AWS S3 and AWS Athena

Data mesh is primarily an organizational approach, and that's why you can't buy a data mesh from a vendor. Technology, however, is important still as it acts as an enabler for data mesh, and only useful and easy to use solutions will lead to domain teams' acceptance. The available offerings of cloud providers already provide a sufficient set of good self-serve data services to let you form a data platform for your data mesh. We want to show which services can be used to get started.

We often see Data Mesh implementations relying on AWS S3 and AWS Athena as the primary means to share and query data products.

Data Mesh Architecture with AWS S3 and AWS Athena

Interestingly enough, most data mesh implementations on AWS are using S3 and Athena, and not Redshift, which would be more the equivalent to Google’s BigQuery approach. We assume this is mainly because S3 and Athena are more simple to use, serverless, and billed on a pay-per-use basis, without the need to provision clusters upfront.

AWS S3 is the central component for storing analytical data. S3 is a file based object store and data can be stored in many formats, such as CSV, JSON, Avro, or Parquet. S3 buckets are used for all stages: raw files, aggregated data, and even data products. All data relevant AWS services and most independent software product have an interface to S3, either as a sink or as a source.

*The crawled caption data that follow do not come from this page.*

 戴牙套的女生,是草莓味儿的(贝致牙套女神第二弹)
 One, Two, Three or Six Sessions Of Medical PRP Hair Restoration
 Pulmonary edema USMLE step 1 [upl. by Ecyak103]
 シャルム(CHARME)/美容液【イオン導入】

Every domain team typically has their own AWS S3 buckets to store their own data products, either on a shared AWS account or in a team AWS account.

Screenshot of S3 files

Analytical queries are executed through AWS Athena that queries data stored in many locations, including files on S3, with standard SQL and performs cross-dataset join operations. Athena uses Presto, a distributed query engine. Although Athena works directly on S3 files without the need to import any data, it still needs to know the schema of the files. That's why metadata need to be defined first, either manually, or by using AWS Glue Data Catalog, which can crawl files to infer the structure. Typically, metadata and queries are often stored as files on S3, just as the data they describe.

Screenshot of Athena

AWS has a number of different solutions to build data pipelines for cleaning, pre-processing and transforming S3 files. A serverless approach is to use AWS Glue ETL, which executes Spark or Python scripts and schedules jobs. The AWS Glue Studio also provides a visual editor to build and manage ETL scripts.

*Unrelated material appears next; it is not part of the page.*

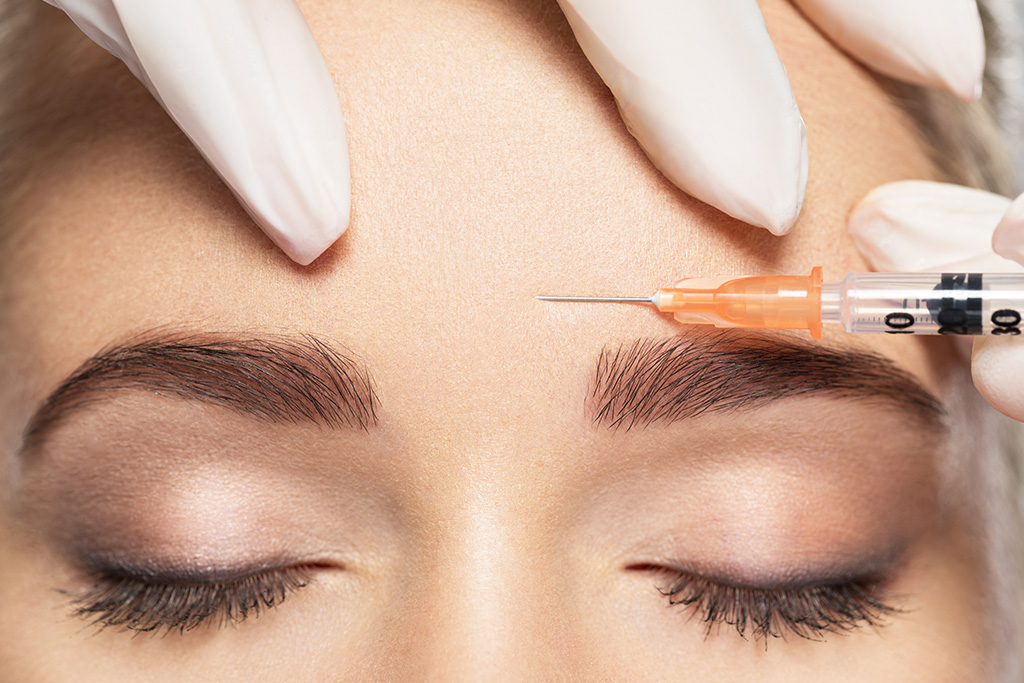 Botox® for Tension & Migraine Management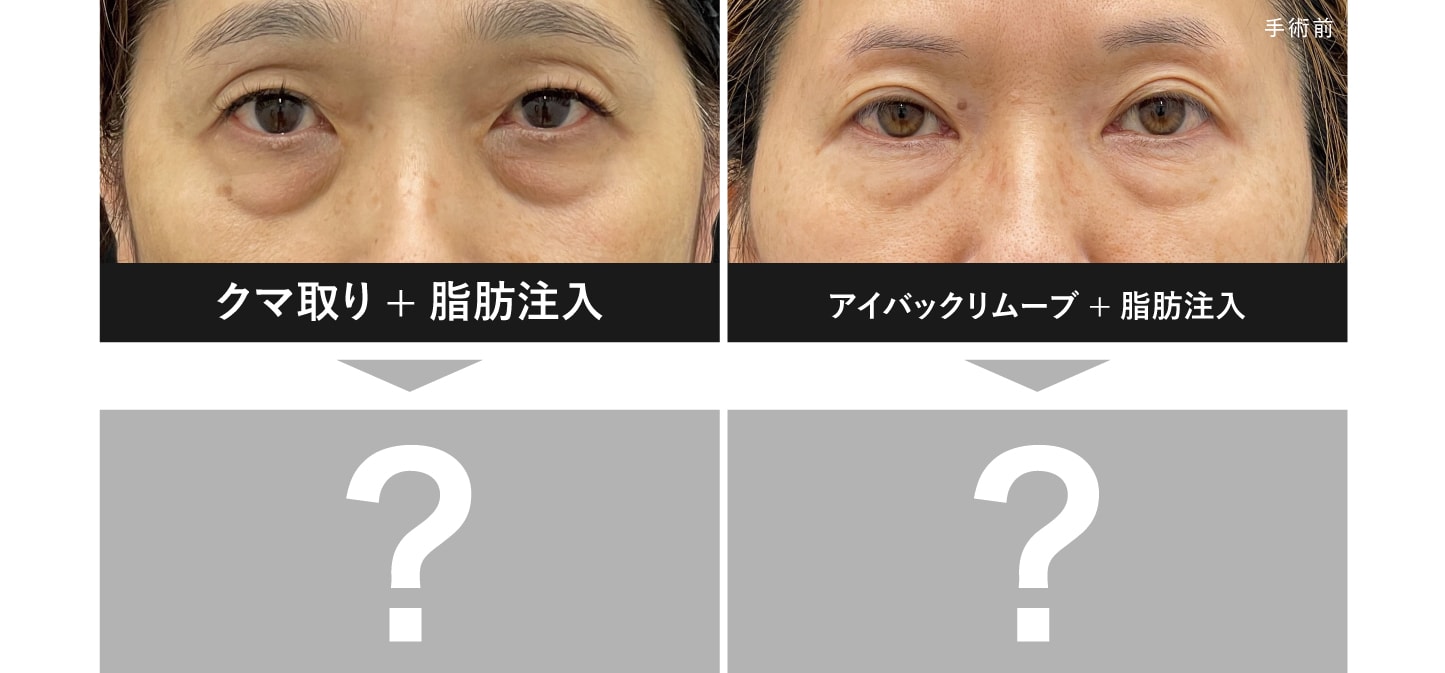 同じように目の下の大きな膨らみに悩んでいた2人の方の症例を比較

Screenshot of Glue Studio Editor

Amazon QuickSight is the data visualization tool provided by Amazon. It uses an in-memory cache, called SPICE that allows quick calculations and aggregations, once the data is imported.

Screenshot of Quicksight

Governance, Data Catalog, and even policy automation can be implemented through AWS Lake Formation. In Lake Formation, S3 locations from different AWS accounts can be linked. The data in S3 files can be documented in the Data Catalog, including the data schema. Data sets can be tagged with special LF-Tags to give table and columnar-level permissions. Data loss prevention can be automated by enabling Macie to continuously scan S3 buckets for sensitive data and potentially unwanted data exposures.